By Noel Mwakugu
BBC News website, Nairobi
Public toilets and the bathrooms in restaurants have never been so popular in Nakuru, Kenya's fourth largest town as they are today.
Several arrests have been made since the ban came into force
At lunchtime most cubicles are jam packed and on occasions people have to queue to access them, but most though are there for the wrong reason - smoking.
Since the council authorities passed a by-law banning smoking in public places, the toilets have become an "acceptable" safe haven for cigarette consumers.
Lighting up a cigarette on the streets of the town - famous for its generous population of flamingos on the nearby lake - can land you in jail or lead to a fine of up to $140.
"The threat is real, several people have been arrested here at the bus terminus this week for just lighting up a cigarette and I have to take precautions," said Mike Gaithuma, one of the residents now using public toilets as a smoking venue.
Mr Gaithuma is however unhappy that the new by-law was passed without wide consultations and now wants its implementation put on hold.
"We may be a few smokers but it is only fair that the council designates areas where we can smoke freely before introducing such a law," Mr Gaithuma said.
Last year, the High Court suspended a controversial ban on smoking in public places across Kenya by the Ministry of Health.
Health Minister Charity Ngilu who issued the directive said it was aimed at reducing the number of tobacco-related deaths.
Anyone found smoking in offices, bus stations, airports and sports venues would be fined $700 (£375) or face six months in jail, according to the suspended law.
Nakuru Municipal Council however argues that it is within their right to implement a by-law that bans smoking in public.
"We received lot of complaints from people about smoking at social places and they called on us to put in place regulation that will address their concerns," Simon Kiarie, the Director of Environment at the council told the BBC News website.
Mr Kiarie said the by-law which came to effect in April this year, will target offenders at markets, bus stations, cinema halls and within public offices.
"We hope that people will co-operate with the council so that we avoid unnecessary conflict," Mr Kiarie said.
Plans are under way to involve stakeholders who include cigarette manufacturers and hotel industry players who will be required to provide secluded places.
But residents in Nakuru are divided on plans to provide the special areas within the town.
"I think our taxes should not be wasted to erect these areas, most smokers do not respect the rights of other people, and they should just smoke in their homes" Alice Karimi an expectant mother said.

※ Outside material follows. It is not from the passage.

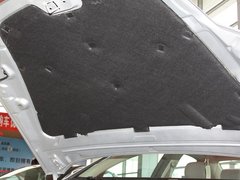 2011款 2.0T DCT GTDi时尚型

But Cyrus Maina, tout at the main bus station says that it only fair that the smokers were also allowed to exercise their freedom but in an orderly manner.
"I used to smoke but stopped after I developed health problems. However it is an individual's choice to smoke, it is only fair that special areas are provided for them" Mr Maina said.
Hawkers within the central business district report that cigarette sales have reduced since the by-law came to effect.
"I used to sell at least 10 packets of cigarettes in a day but in the past two weeks I hardly sell three packets. Something should be done otherwise we will suffer due to loss of income," said George Juma, who runs a kiosk on Nakuru's Kenyatta Avenue.
Mr Juma says many people are afraid of buying cigarettes since they are convinced that it is now illegal.
But the by-law is not aimed at totally banning smoking, according to Mr Kiarie, the council's director of environment.
British American Tobacco Company (BAT), the largest cigarette manufacturer in Kenya, says it is watching the developments in Nakuru.
BAT's communications manager Maureen Sande said since Kenya is in the process of reviewing tobacco regulations, the company does not wish to react to the move taken by Nakuru Municipal council.